Nonetheless, the religious ties helped build the brand’s reputation and gave it an air of legitimacy when it advertised its product, dubiously, as “the most kosher matzo in the world.”

When I called him on the phone, Sarna emphasized one other key to Manischewitz’s ascent. It was the first company to build a truly national, and later international, distribution network for kosher food. This became especially important when it began adding additional products to its portfolio, from the execrable but conveniently bottled gefilte fish to its wine. “They use that network subsequently for distributing all sorts of other things that the Jewish housewife will want,” Sarna said. “They know the stores. They figure out where Jewish customers are likely to be found.” In short, the company ensured that the kosher aisle in most American grocery stores would more or less amount to the Manischewitz aisle. At the same time, management also kept up its knack for canny marketing, hiring Sammy Davis Jr. as a pitchman for the wine, thus appealing to both the black and Jewish communities. In the end, its products were well known and easy to find.
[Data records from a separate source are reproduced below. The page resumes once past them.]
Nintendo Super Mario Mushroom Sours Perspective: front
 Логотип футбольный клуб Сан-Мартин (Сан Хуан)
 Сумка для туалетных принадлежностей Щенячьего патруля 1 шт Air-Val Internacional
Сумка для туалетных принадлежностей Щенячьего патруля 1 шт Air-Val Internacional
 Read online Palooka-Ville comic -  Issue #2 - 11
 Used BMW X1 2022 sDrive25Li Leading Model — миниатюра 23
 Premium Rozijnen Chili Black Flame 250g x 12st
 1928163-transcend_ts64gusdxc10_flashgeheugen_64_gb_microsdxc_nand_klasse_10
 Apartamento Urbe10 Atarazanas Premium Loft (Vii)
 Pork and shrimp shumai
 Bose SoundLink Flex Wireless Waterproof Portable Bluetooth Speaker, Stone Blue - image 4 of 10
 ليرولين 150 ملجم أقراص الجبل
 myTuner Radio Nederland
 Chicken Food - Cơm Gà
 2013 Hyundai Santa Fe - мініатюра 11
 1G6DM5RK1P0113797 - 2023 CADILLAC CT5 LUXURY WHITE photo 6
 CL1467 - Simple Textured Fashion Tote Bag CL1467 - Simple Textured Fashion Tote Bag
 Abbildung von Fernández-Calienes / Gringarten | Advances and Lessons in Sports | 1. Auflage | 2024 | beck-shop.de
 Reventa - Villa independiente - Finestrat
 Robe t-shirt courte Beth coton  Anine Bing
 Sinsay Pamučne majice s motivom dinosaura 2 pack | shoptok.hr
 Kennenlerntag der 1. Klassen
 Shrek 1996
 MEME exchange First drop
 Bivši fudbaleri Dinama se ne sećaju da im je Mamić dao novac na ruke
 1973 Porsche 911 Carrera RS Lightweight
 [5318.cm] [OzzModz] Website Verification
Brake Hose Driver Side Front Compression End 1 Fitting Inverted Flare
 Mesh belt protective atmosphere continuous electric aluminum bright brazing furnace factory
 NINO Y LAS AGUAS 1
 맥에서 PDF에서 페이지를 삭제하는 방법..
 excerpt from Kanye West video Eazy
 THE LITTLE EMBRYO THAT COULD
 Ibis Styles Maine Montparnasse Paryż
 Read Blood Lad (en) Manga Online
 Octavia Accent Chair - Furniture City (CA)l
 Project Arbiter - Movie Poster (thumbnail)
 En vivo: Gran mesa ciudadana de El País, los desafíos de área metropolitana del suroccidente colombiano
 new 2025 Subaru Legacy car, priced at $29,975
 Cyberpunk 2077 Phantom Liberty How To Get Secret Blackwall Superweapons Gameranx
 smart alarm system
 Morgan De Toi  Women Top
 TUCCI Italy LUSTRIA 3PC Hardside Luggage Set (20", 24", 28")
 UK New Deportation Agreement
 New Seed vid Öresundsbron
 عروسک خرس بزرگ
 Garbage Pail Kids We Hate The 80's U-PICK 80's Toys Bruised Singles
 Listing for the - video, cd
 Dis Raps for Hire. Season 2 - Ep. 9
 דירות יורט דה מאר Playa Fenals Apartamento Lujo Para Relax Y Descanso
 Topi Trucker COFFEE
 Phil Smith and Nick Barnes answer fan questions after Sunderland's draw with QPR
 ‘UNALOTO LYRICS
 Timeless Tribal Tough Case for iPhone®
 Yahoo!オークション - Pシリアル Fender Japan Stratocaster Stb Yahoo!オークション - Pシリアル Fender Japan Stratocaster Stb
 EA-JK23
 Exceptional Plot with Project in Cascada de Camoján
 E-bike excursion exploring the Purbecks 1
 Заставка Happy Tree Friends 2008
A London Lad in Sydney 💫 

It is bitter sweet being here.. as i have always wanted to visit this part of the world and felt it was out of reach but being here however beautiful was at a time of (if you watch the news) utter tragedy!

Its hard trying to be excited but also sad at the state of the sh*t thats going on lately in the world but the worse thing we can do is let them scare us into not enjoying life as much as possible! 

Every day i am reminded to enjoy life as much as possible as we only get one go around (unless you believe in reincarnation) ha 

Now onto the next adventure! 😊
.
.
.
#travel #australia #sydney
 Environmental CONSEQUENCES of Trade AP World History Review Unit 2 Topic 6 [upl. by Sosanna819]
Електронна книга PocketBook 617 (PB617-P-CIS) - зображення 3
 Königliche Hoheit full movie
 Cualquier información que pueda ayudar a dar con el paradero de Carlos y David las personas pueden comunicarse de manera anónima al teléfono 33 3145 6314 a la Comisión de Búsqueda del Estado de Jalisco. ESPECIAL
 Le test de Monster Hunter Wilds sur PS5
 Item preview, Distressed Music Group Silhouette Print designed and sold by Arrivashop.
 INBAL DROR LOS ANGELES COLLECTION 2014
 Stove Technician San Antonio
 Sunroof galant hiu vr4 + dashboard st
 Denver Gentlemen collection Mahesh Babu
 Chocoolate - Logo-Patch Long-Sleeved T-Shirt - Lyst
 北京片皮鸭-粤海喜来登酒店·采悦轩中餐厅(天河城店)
Ultimately, Manischewitz excelled at industrial production, marketing, and logistics, the skills that midcentury corporate America was built upon. But in later years, it also resorted to less savory tactics. In 1991, a judge handed the company a $1 million fine, the maximum possible, for conspiring with two other competitors over at least five years to fix the price of matzo. Manischewitz acquired one of its co-conspirators while the case was unfolding, guaranteeing it would face less competition in the future without breaking any antitrust laws.

Today, Manischewitz, which operates out of Newark, New Jersey, remains the king of the matzo market and is gunning for a more mainstream audience. Kosher food sales have been rising, as non-Jews have been buying the products for “health and safety reasons,” treating the designation sort of like a Hebraic alternative to going organic. Last year, Bain Capital bought Manischewitz with the hope of tapping into that trend. But while the brand may be about to become even more ubiquitous, there’s no reason to subject your guests to it at the seder table. (I carve out an exception for its matzo meal, which is still the standard for making matzo balls for soup.) Kosher wines have had a renaissance and, when the polar vortex isn’t causing trouble, fresh gefilte fish is readily available in cities with large Jewish populations. As for matzo itself? Yehuda, a brand made in Israel, is cheaper and consistently scores higher in critics’ taste tests. There’s no reason that eating the bread of affliction should be such a boring experience.